Improved Blood or Alberto


----------



## lemaymiami (Feb 9, 2007)

I use the Slim Beauty for lighter shock (or bite) tippets - but I'm still using the Hufnagle for heavy shocks... (60 and 80lb fluoro joined to 20lb Hard Mason mono 20lb..). In the back country of the 'glades we can get away with heavier leaders than what's being used down in the Keys these days...

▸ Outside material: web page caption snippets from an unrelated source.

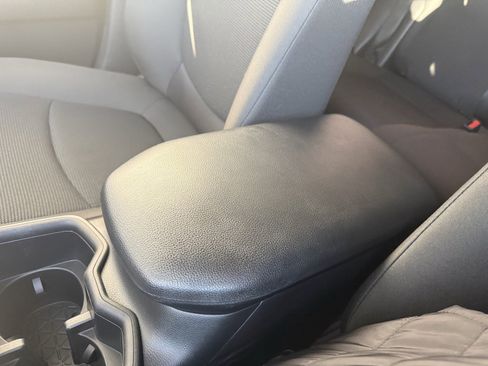 Used 2024 Toyota RAV4 LE image 21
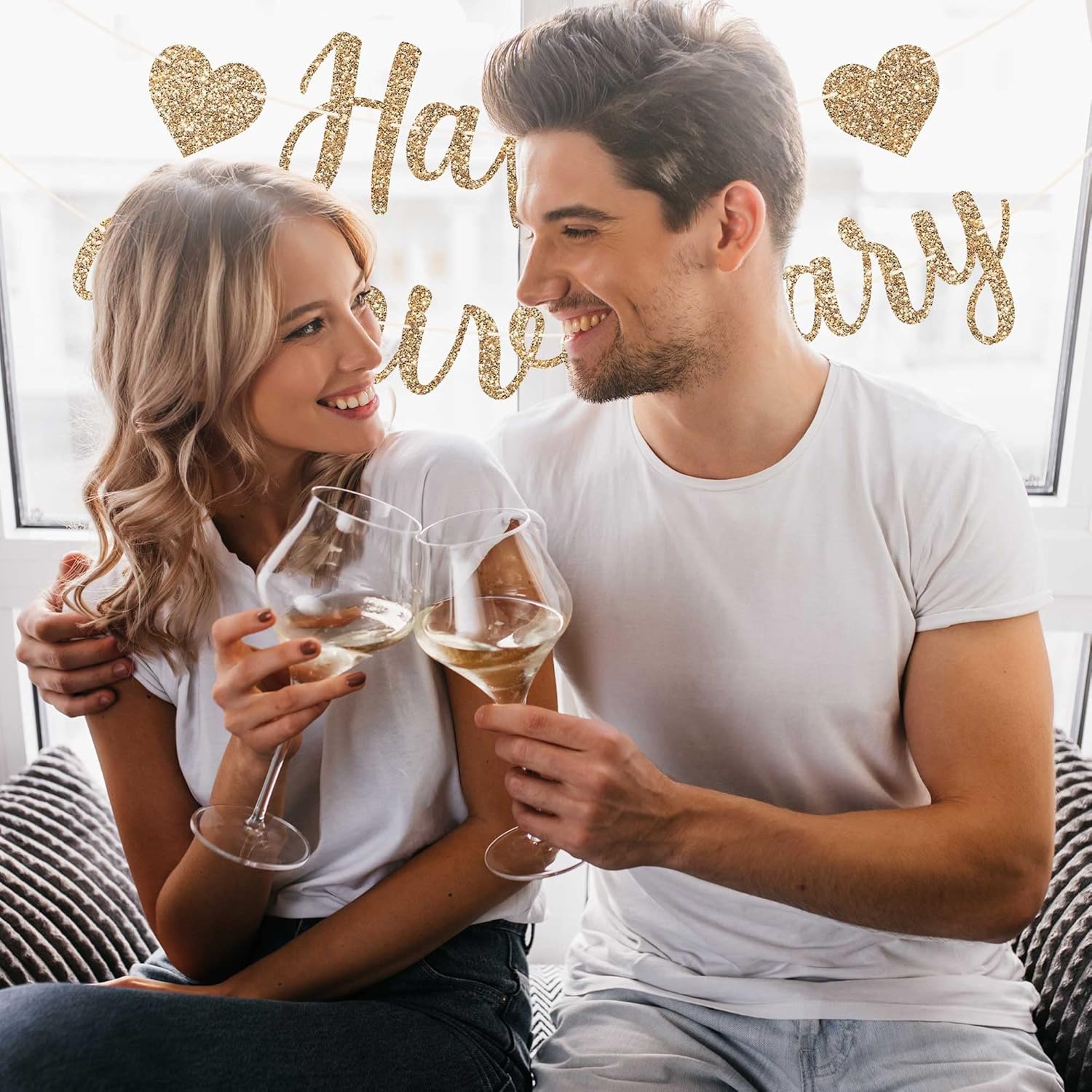 Pre-Strung Happy Anniversary Banner - Gold Glitter Wedding Decor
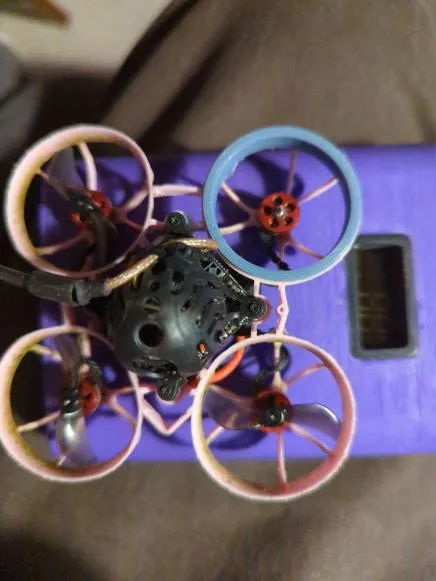 Giá đỡ ống dẫn cho drone Tiny Whoop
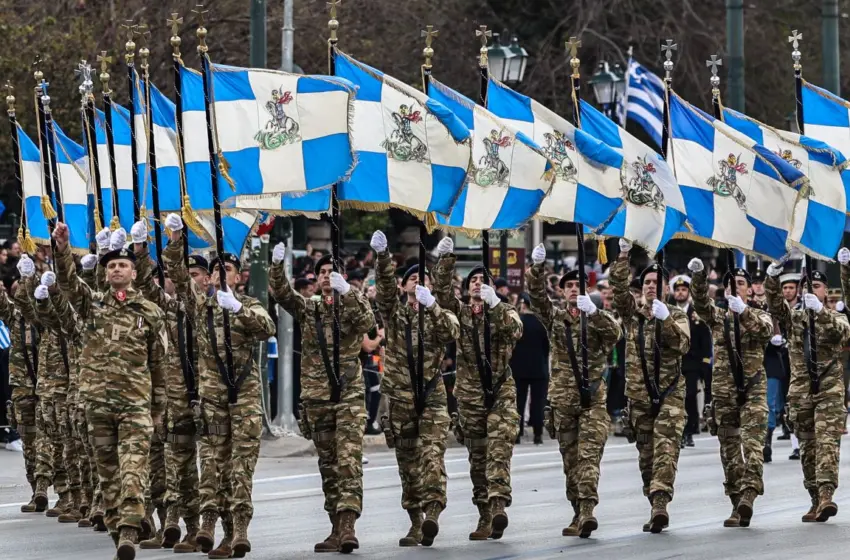  Η μεγάλη στρατιωτική παρέλαση στην Αθήνα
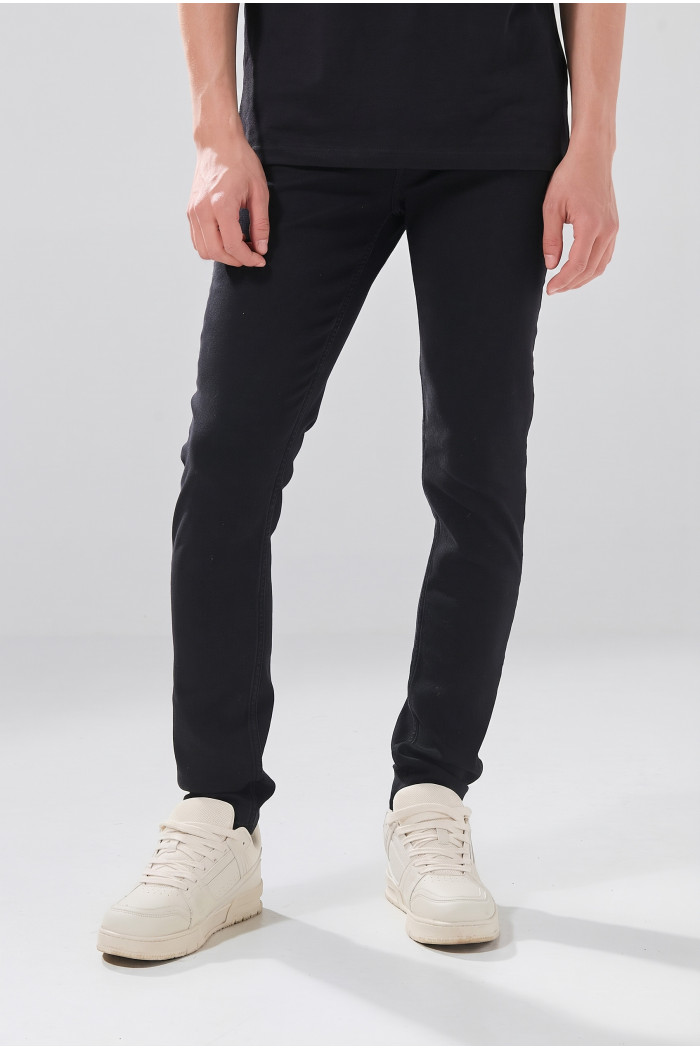Jean negro infaltables skinny 5 bolsillos con tiro bajo
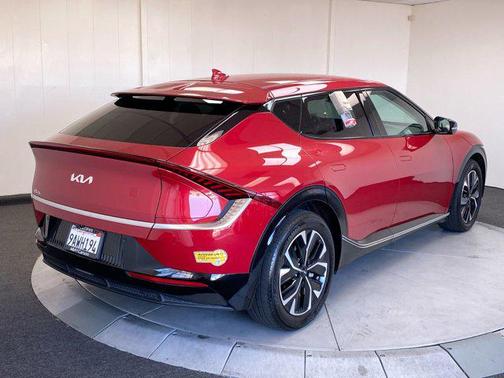 2022 Kia EV6 Wind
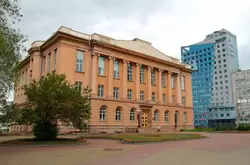 Публичная библиотека, проспект Ленина 60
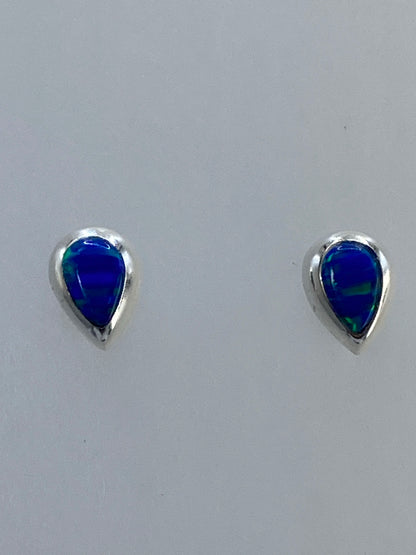 Aretes sobre fondo blanco con marca del Quinto 925 visible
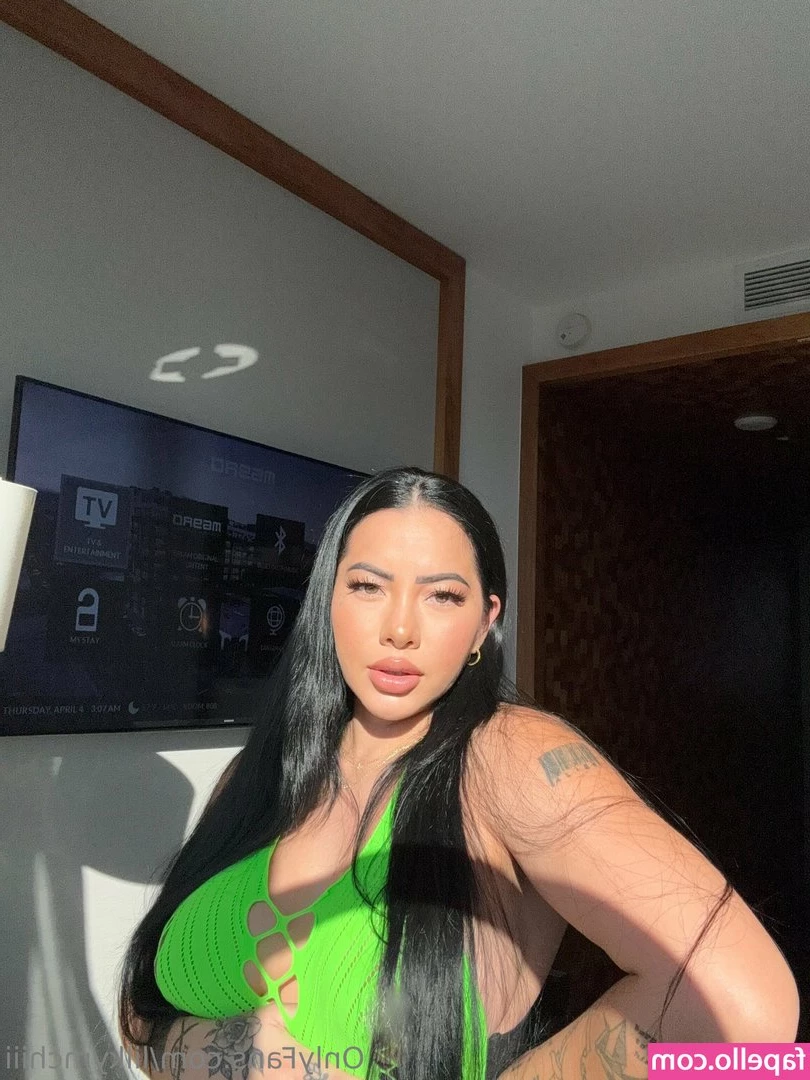 lilkymchiii [ lilkymchiii-2 ] - It s December when should I bust out the jiggle bells - i mean tits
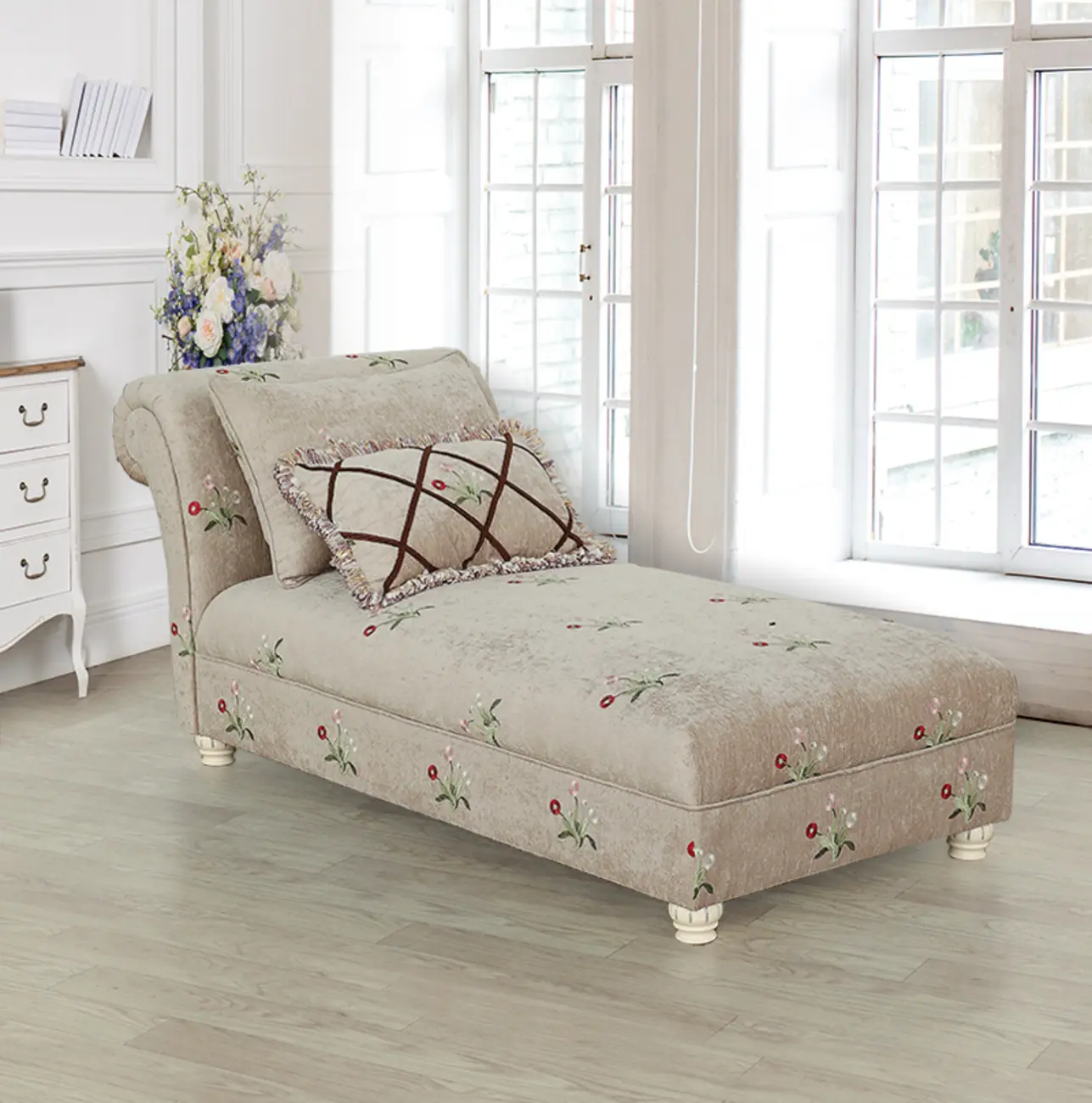 Trendy Floral Chaise Lounge with 2 Pillows Image - 4 | homeyfad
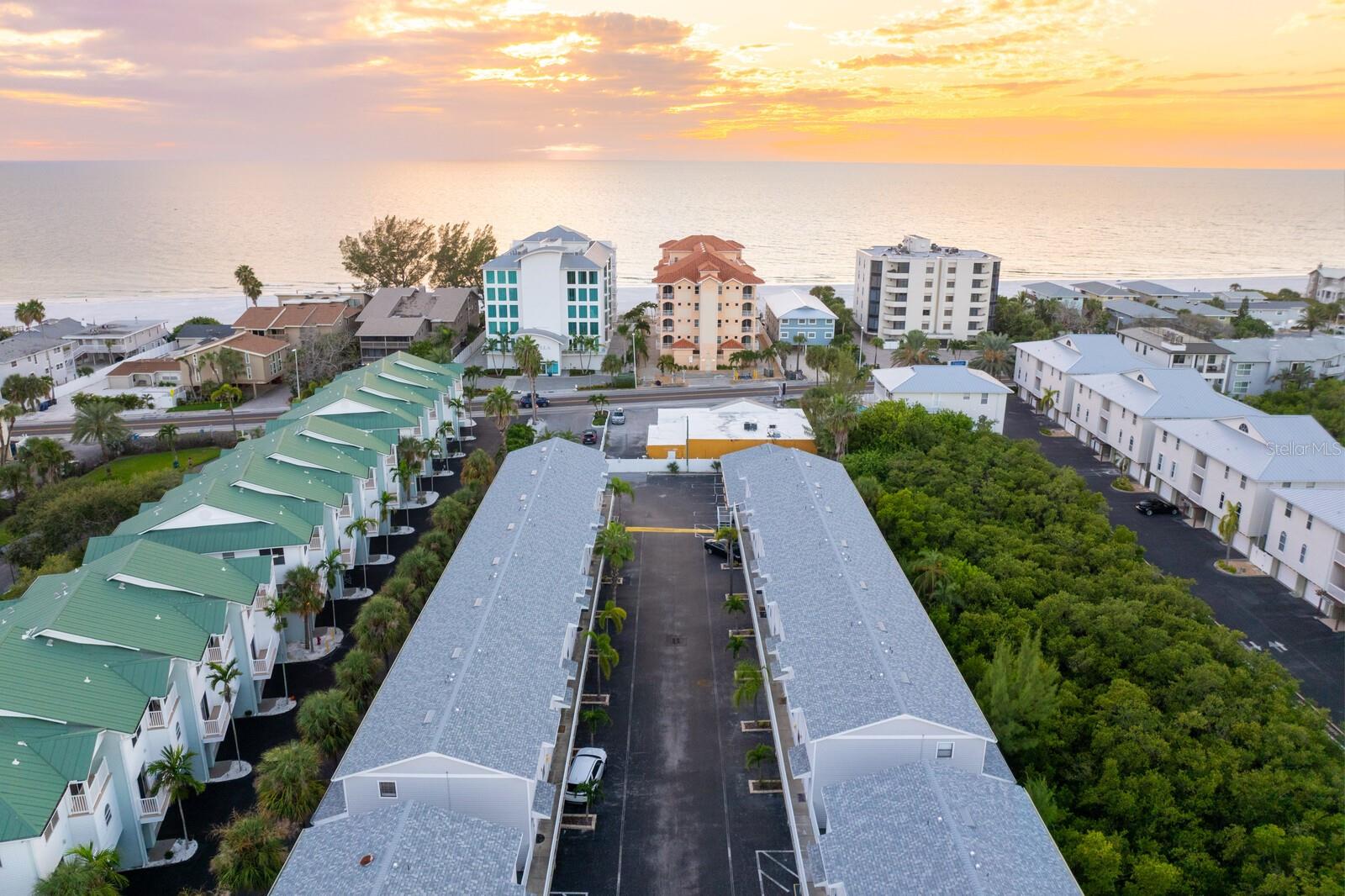 Image 53 of 76 For 19823 Gulf Boulevard 5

I took a job many years ago doing 100 tarpon leaders (in pairs - each pair joined the other by a double length of bite tippet -about 30" to allow room for tying a loop or other knot to the fly...) then each pair looped together to make a single chain wound around an empty spool... In use you pulled out a leader pair then cut the bite tippet in half to free up a single leader (very handy for night fishing since you didn't have to tie up any knots other than the connection to the fly - the leader itself was looped onto an existing loop on the butt section of the rest of the leader... That butt section on a 12wt is six feet of 60lb mono, double nail knotted to the fly line...

Back then the customer specified the bite tippet would be 110lb Maxima mono leader joined to 15lb hard Mason by a Hufnagle (after tying a bimini twist at each end of the tippet.... I was forced to learn how to do each knot - one hundred times over... (and needed to wear a glove to keep my hand intact..).

The Slim Beauty, by the way is the knot for building tapered leaders - far superior to the old blood knot (and much stronger if tied properly...).


----------



## Backwater (Dec 14, 2014)

sidelock said:


> Anyone using this knot to attach bite tippet to class bimini for big Tarpon ?


Hi sidelock. Long time no see. 

Are you talking about the one that involves a Bimini?


----------



## sidelock (Jan 31, 2011)

Yes haven't been on here for a while. The Location X Knot involves a bimini but I have devised a way to make the bimini with small 1" loops. It saves from having to discard the bimini class tippet every time the bite becomes too small from changing flies.


----------



## DeepSouthFly (Sep 7, 2016)

So you want your shock to be mono for the stretch it adds? I've always done fluro but that does make more sense. New to the tarpon leader stuff.


----------



## backbone (Jan 4, 2016)

Shock = Bite = always fluorocarbon.

The Mono goes in the rest of the leader for stretch.


----------



## DeepSouthFly (Sep 7, 2016)

Ok I misunderstood for a second. I do use fluro for my bite section but I have been using fluro to make my entire leader also. Is this "technically" wrong? I have been using full fluro leaders cause my tarpon fishing is beachside in the panhandle so our fish don't ride very high unless it's very calm seas. I use fluro to help my fly sink a little more. And water is crystal clear also. Using unweighted flies mostly, few with bead chain eyes.


----------



## Pierson (Mar 16, 2016)

DeepSouthFly said:


> I have been using fluro to make my entire leader also. Is this "technically" wrong?


Yes, and I have taken the liberty of reporting you to AFFTA. Don't let it happen again.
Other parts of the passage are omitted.